Alluxio / alluxio

Alluxio, data orchestration for analytics and machine learning in the cloud
https://www.alluxio.io
Apache License 2.0
6.73k stars 2.92k forks source link

Alluxio-Trino for Trino version 434 and higher #18612

Open jpohanka opened 1 month ago

jpohanka commented 1 month ago

Page https://docs.alluxio.io/os/user/stable/en/compute/Trino.html

Alluxio version 2.9.0 and higher.

Trino version 434 and higher.

Summary The current documentation on Alluxio+Trino works for Trino all versions up to 433. When using higher versions, Trino throws a No FileSystem for scheme: alluxio error. This is due to some code changes for HDFS that were implemented in Trino 434.

To solve this problem, the alluxio-<version>-client.jar file needs to be copied to the path ${Trino_HOME}/plugin/hive/hdfs/ instead of the original path ${Trino_HOME}/plugin/hive-hadoop2/.

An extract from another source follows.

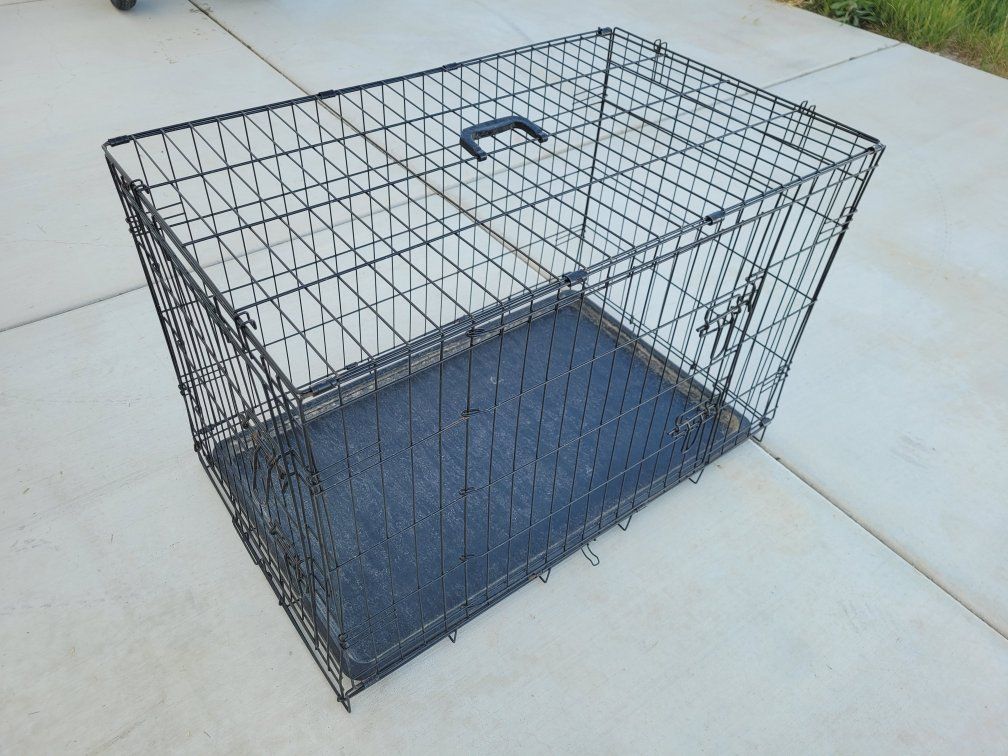 Large Black Wire Dog Crate Kennel with Two Doors and Removable Tray - Pet Travel/Training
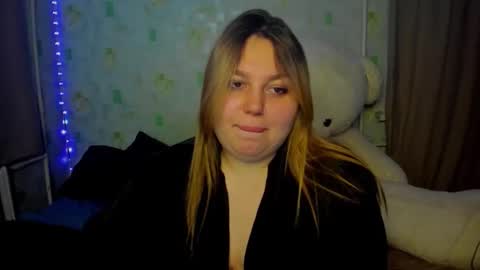 Snapshot of lillyhaigh chatting on May 2026 12:30:02 AM lillyhaigh online show from May 2026 12:30:02 AM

realknorke commented 1 month ago

@jpohanka we tested your workaround. However, your workaround doesn't seem to be enough/complete. My observations on that matter:

  1. There is no alluxio-$version-client.jar on Maven Central. We added alluxio-shaded-client-2.9.3.jar to the …/plugin/hive/hdfs folder.
  2. Beyond that we had to COPY (Dockerfile) the content of the /opt/alluxio/lib folder (from an Alluxio installation/image) into the Trino image under /opt/alluxio/lib.
  3. Adding version 312 instead of 2.9.3 is not working! I'm still confused about Alluxio's versioning. It comes with semantic versioning (e.g. 2.9.4) and an incompatible seq numbering (e.g. 312).
  4. There is a alluxio-client.jar in our Alluxio image. However, that jar file is a symlink to build/alluxio-2.9.3-hadoop2-client.jar. We are using Hadoop3 libs.